*INFORMATION*.
:::
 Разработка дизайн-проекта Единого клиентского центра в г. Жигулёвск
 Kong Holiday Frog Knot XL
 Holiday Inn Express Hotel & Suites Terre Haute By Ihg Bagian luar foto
:::
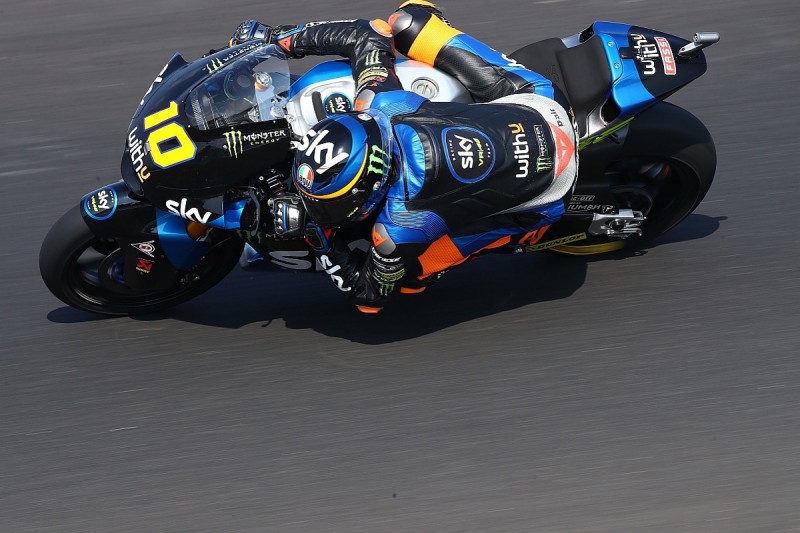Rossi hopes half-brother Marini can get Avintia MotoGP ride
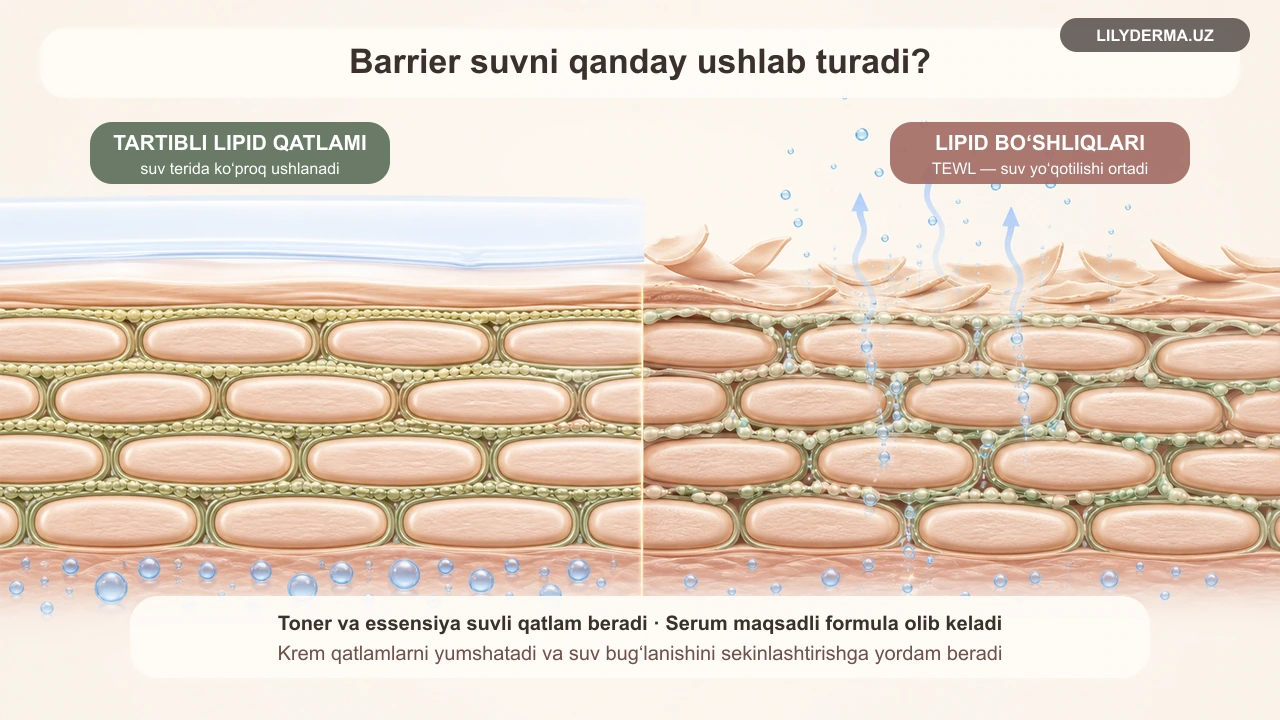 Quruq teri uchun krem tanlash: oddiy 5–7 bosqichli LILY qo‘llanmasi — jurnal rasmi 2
:::
*WHAT THE TASK ASKS*. In the lines above, find the word "Holiday" and copy each line that contains it.

*RESPONSE*.
 Kong Holiday Frog Knot XL
 Holiday Inn Express Hotel & Suites Terre Haute By Ihg Bagian luar foto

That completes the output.